To understand the cost of cgo, we first need to see how different the two ends of the bridge are. Go and C go their own way on four fundamental things.

The calling convention differs. Go has its own register-based calling convention (2.2). How arguments and return values are passed, how stack frames are laid out, which registers are saved by the caller, all of these are inconsistent with C’s ABI on the platform. A cross-world call must first rearrange the arguments according to C’s ABI and align the stack pointer to the boundary C requires.

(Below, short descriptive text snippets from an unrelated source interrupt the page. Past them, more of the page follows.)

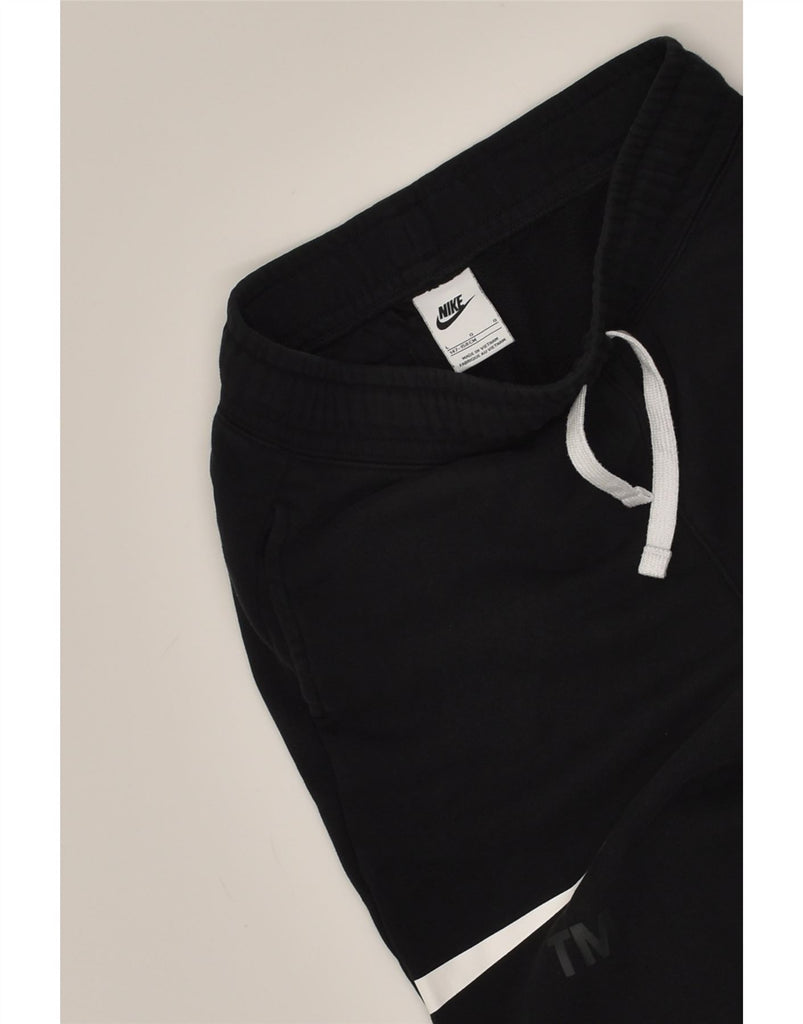 NIKE Boys Swoosh Tracksuit Trousers Joggers 12-13 Years Large Black Cotton | Vintage Nike | Thrift | Second-Hand Nike | Used Clothing | Messina Hembry 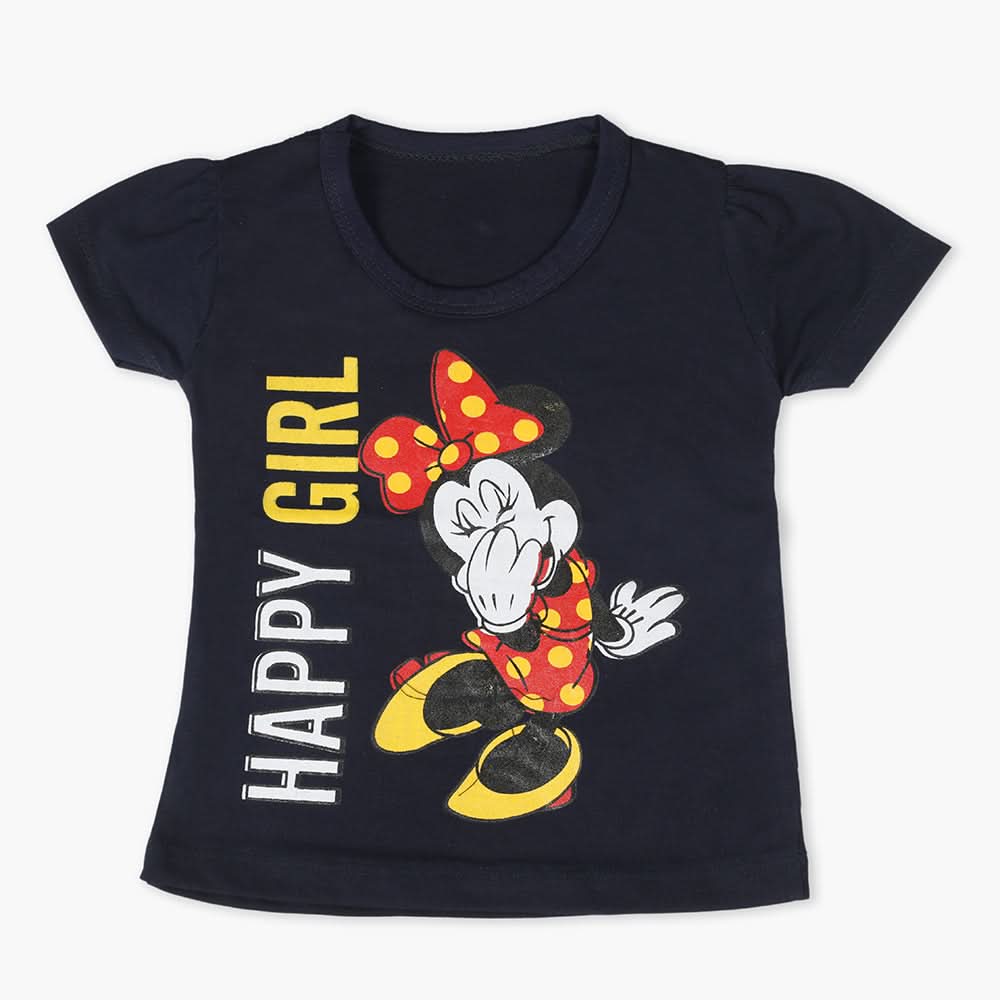 Girls Half Sleeves T-Shirt - Navy Blue, Girls T-Shirts, Chase Value, Chase Value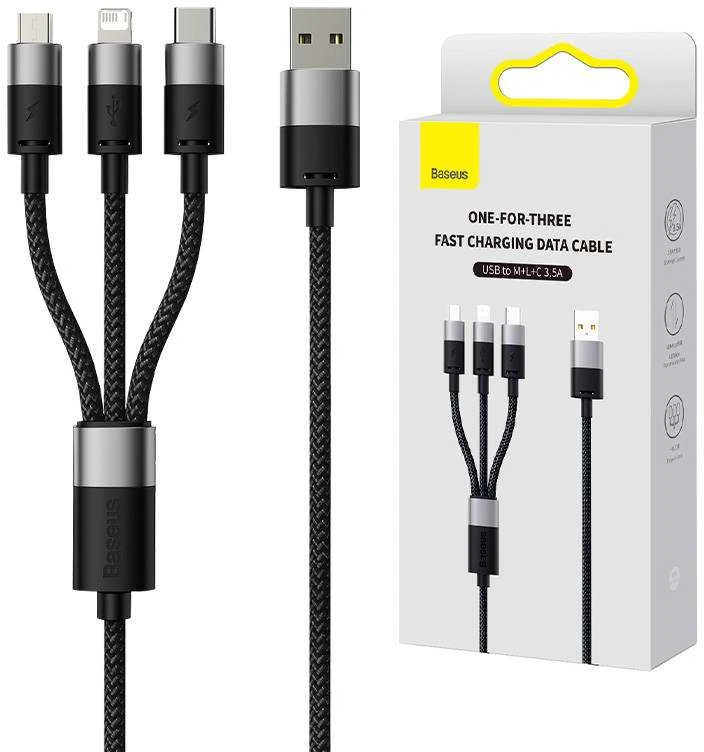 3in1 USB laidas Baseus StarSpeed Series, USB-C + Micro + Lightning 3.5A, 1.2m (juodas)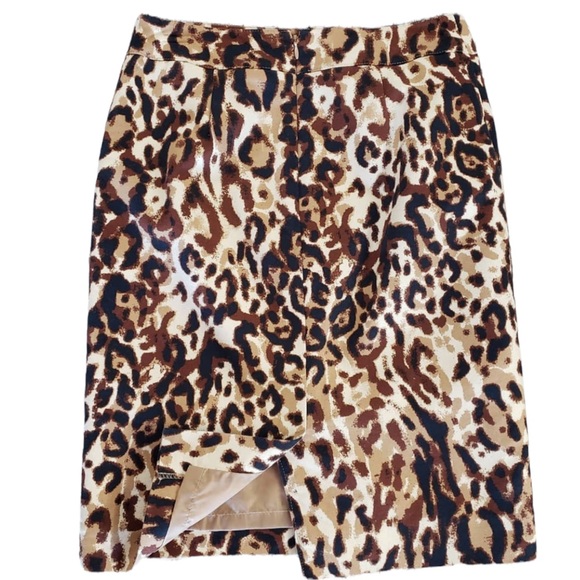 MERONA Women’s Animal Print Cotton/Polyester Lined Pencil Skirt Size 10 - Picture 4 of 8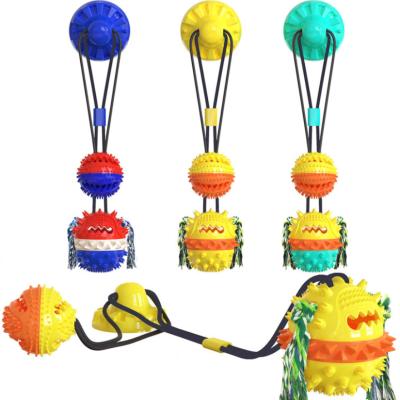 China Amazon Sell Dog Chew Toy Suction Cup Toys Double Ball Pet Viable Hot Toys Dog for sale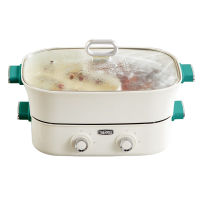 膳魔师 THERMOS家用电煮锅分体式多功能锅双控电热锅双味鸳鸯锅 6.5L EHA-4351A-G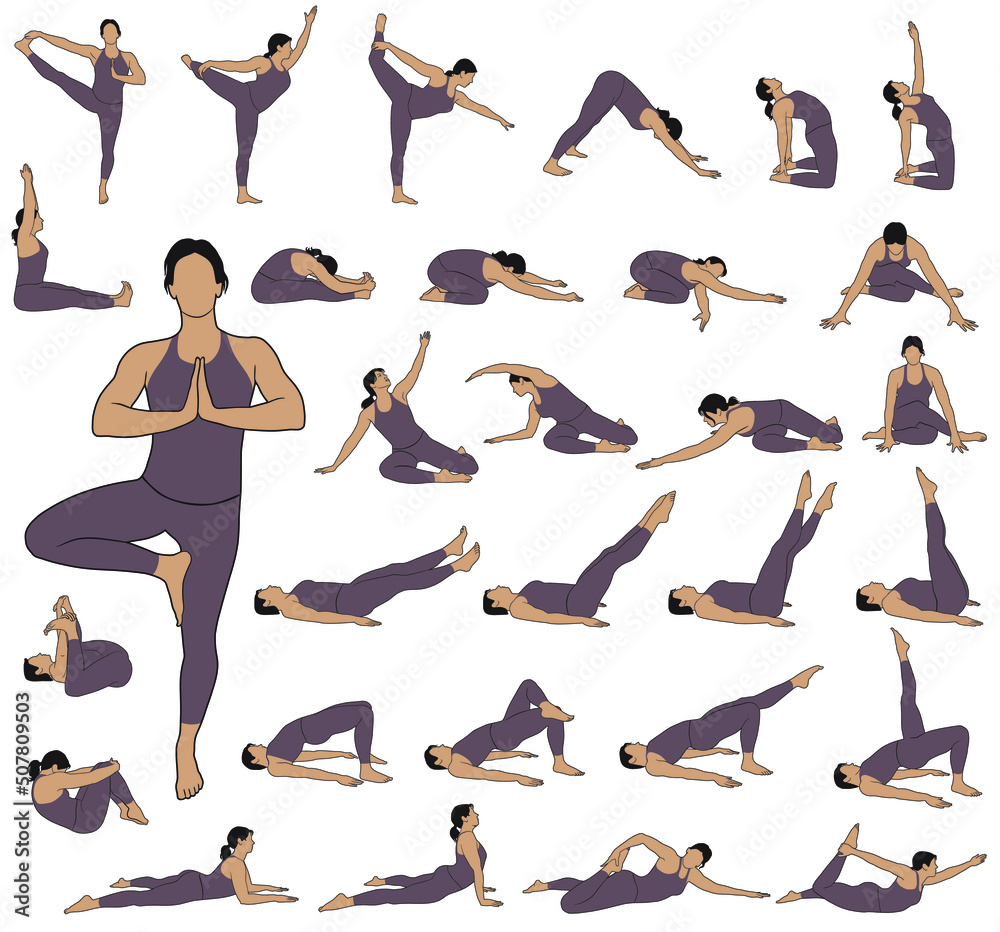Set of color vector silhouettes of woman doing yoga and fitness exercises. Illustrations  of  girl stretching and relaxing her body in different yoga poses. 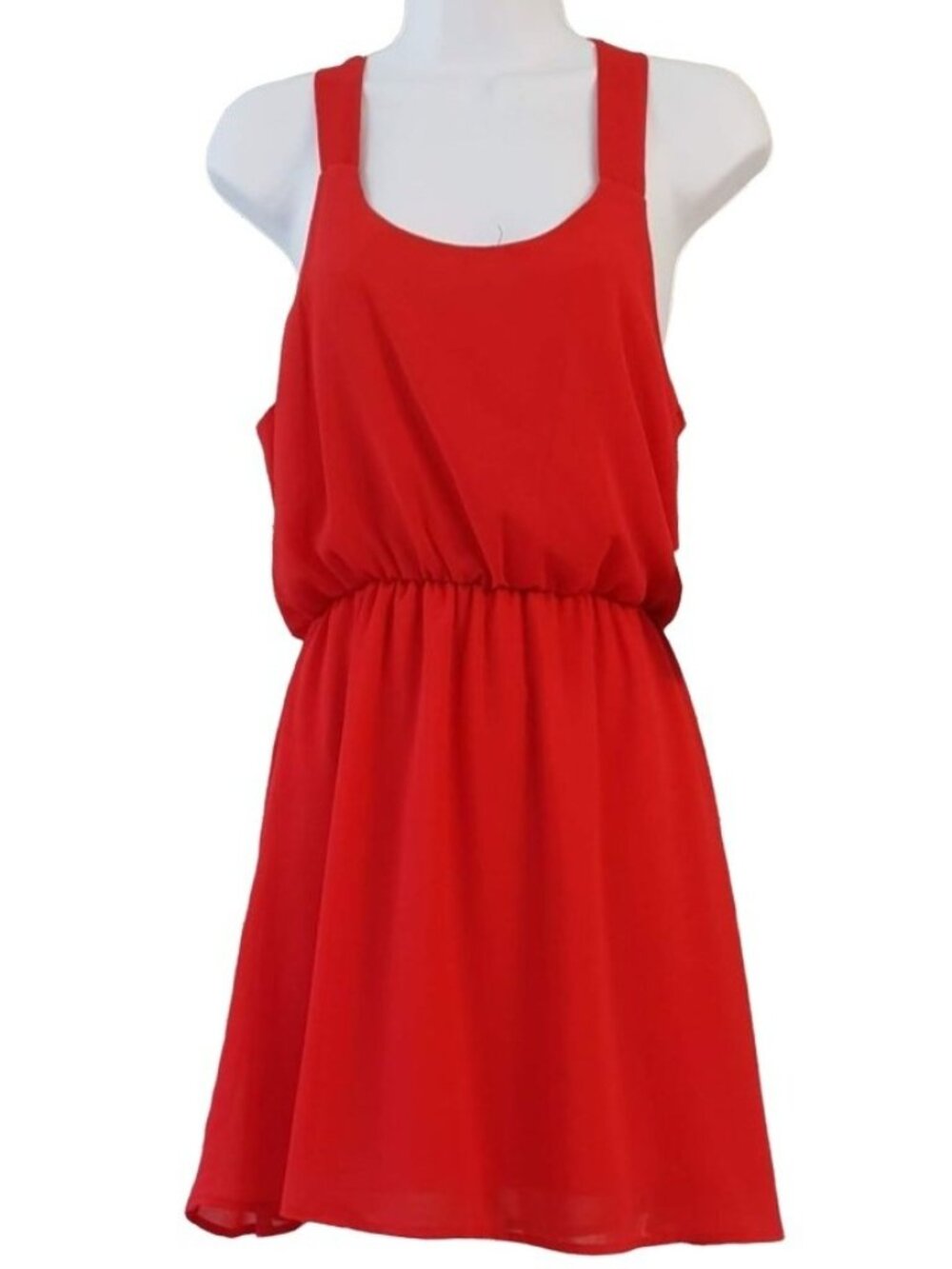 Dee Elle Women Sleeveless Dress Red Small Lined Elastic Tank Style Chiffon NEW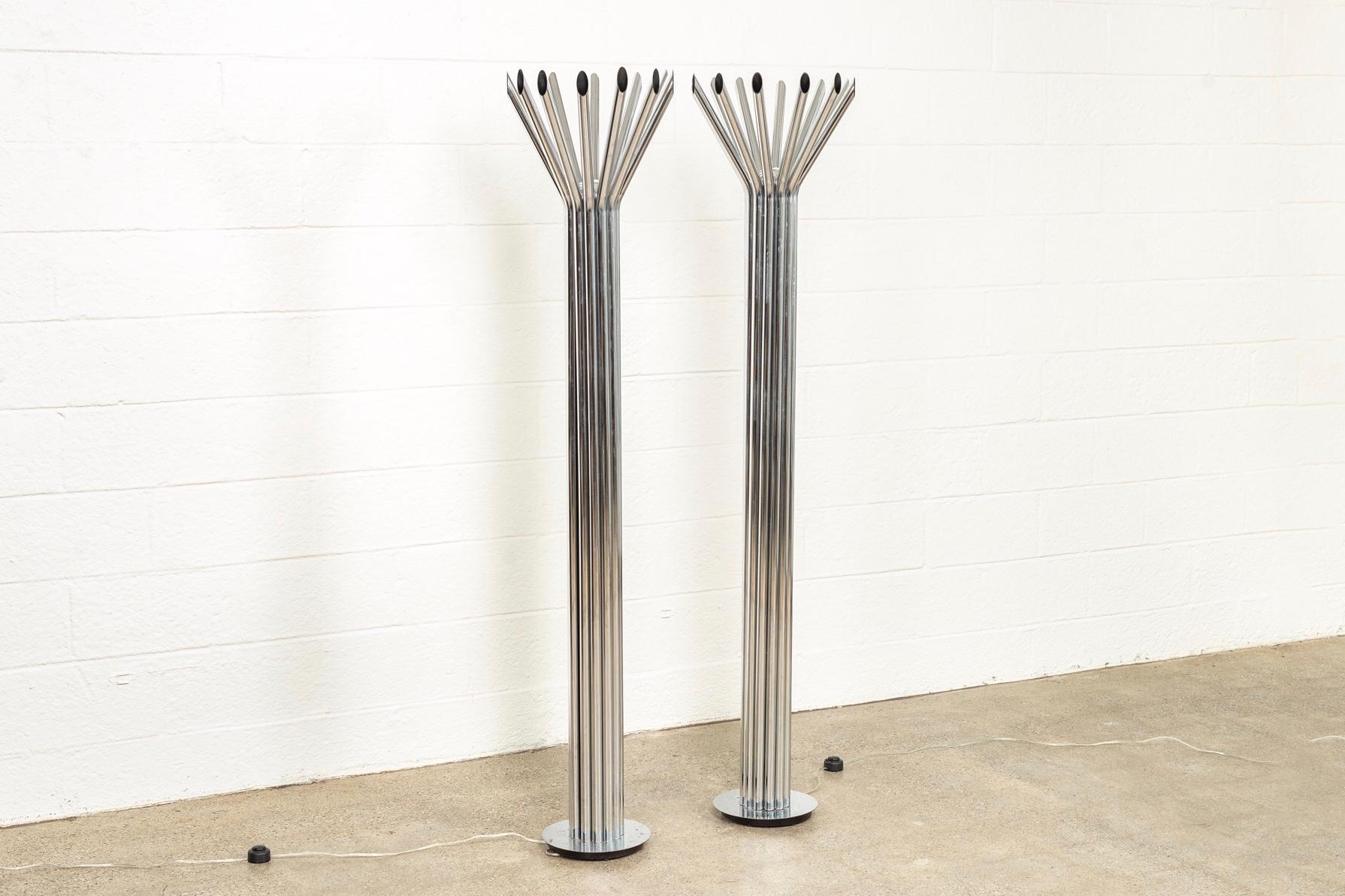 American Midcentury Chrome Floor Lamp by George Kovacs 'Attr.' Matching Pair Available For Sale
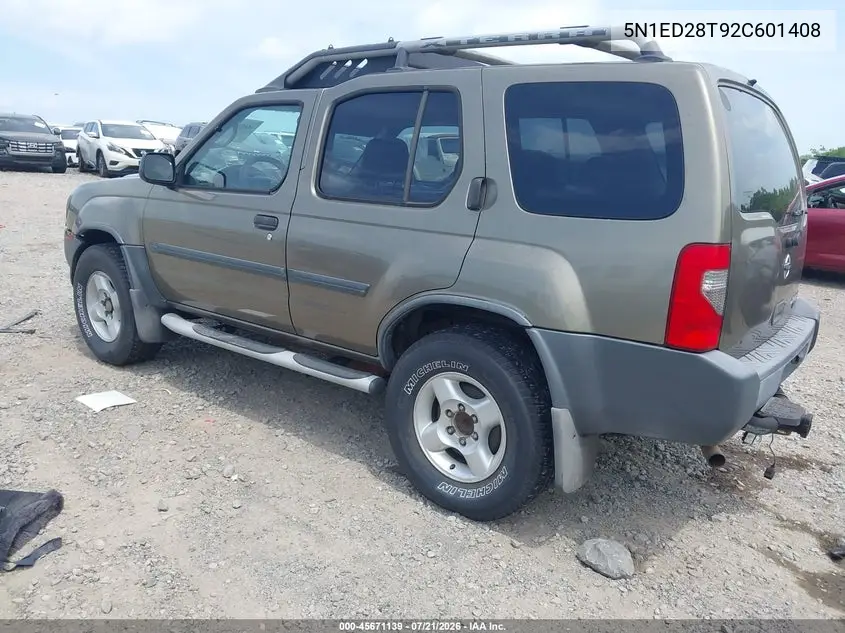 2002 Nissan Xterra Xe VIN: 5N1ED28T92C601408 Lot: 45671139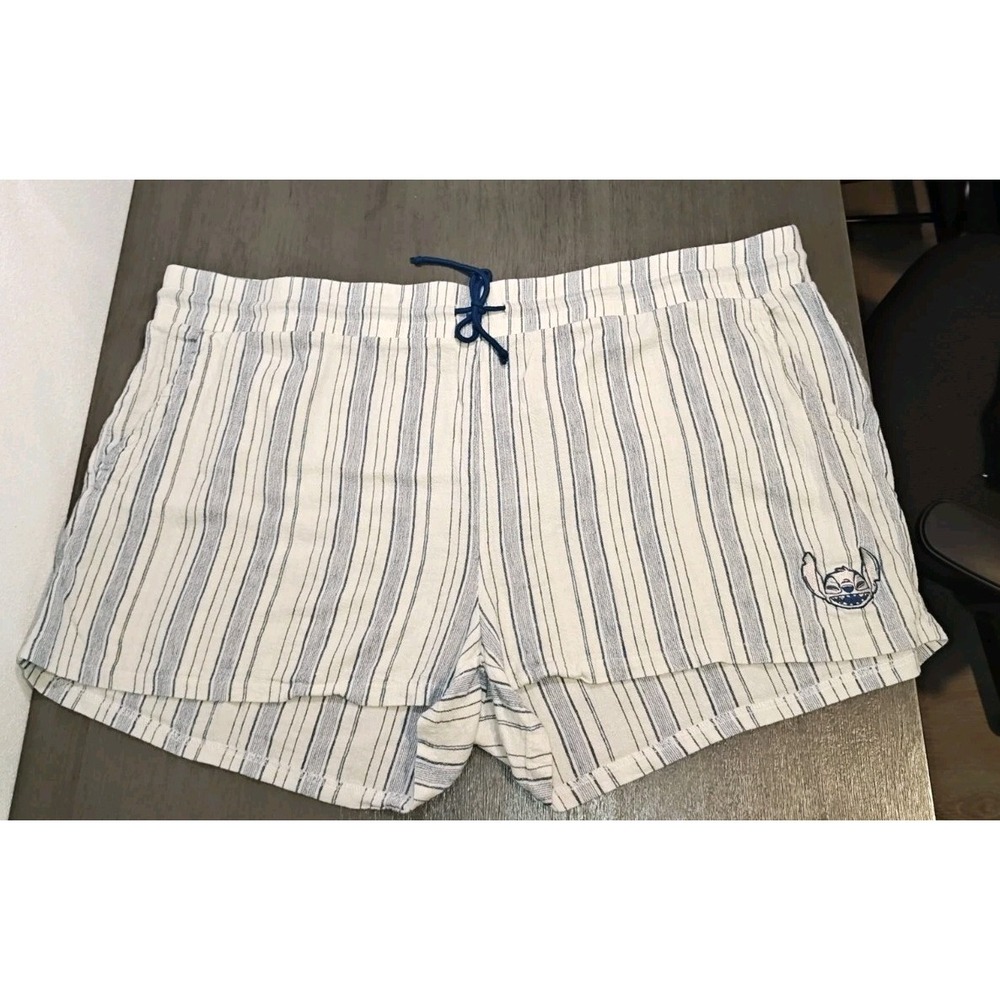 Disney Stitch Striped Lounge Shorts 3X Embroidered Stitch Pajama Shorts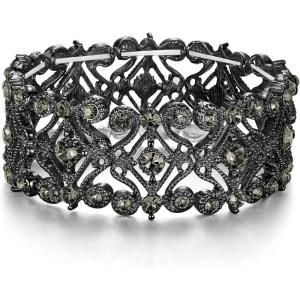 imageBriLove Womens Wedding Bridal Crystal Cluster Tennis Stretch BraceletClear Grey BlackTone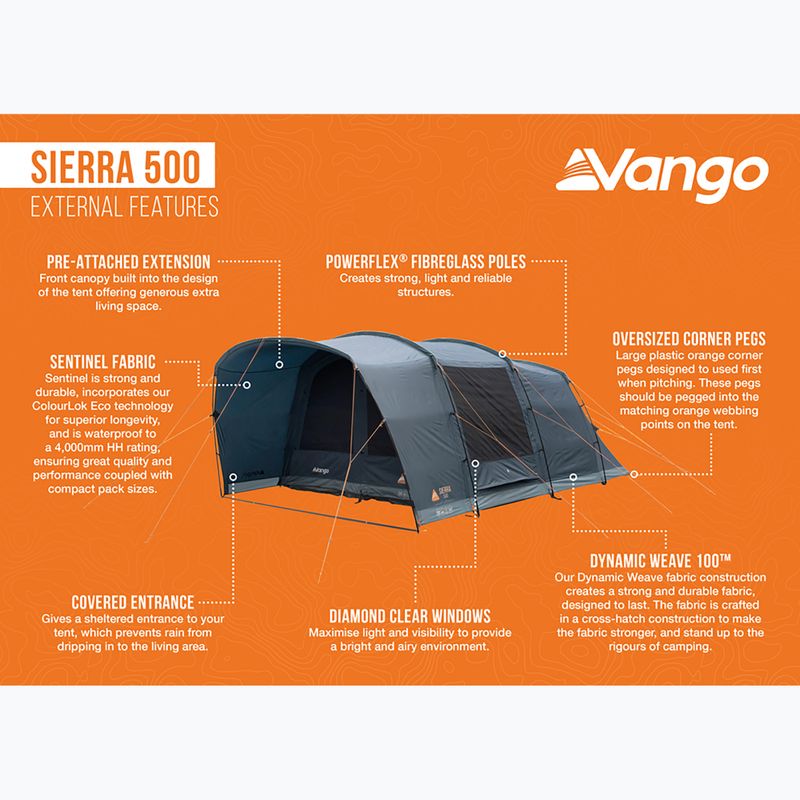 Vango Sierra 500 tiefblau 5-Personen-Campingzelt 13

The stack differs. A goroutine stack in Go is growable (14). It starts at only a few KB and relies on the stack check the compiler inserts at function entry to copy and relocate the whole stack when needed. A C function knows nothing about this. It assumes it runs on a fixed, large enough system stack that will never be moved. Letting C code run on a small goroutine stack that may be moved at any moment would be catastrophic, so before crossing we must switch to the M’s system stack g0, a stack that the operating system allocates and that neither grows nor relocates.

Memory management differs. Go has a precise garbage collector. It moves objects, reclaims objects that are no longer reachable, and relies on type information to scan every pointer. C’s memory is managed by hand with malloc/free, completely opaque to the GC. The GC cannot scan memory held by C, and it cannot know that a Go object is being referenced by some piece of C code.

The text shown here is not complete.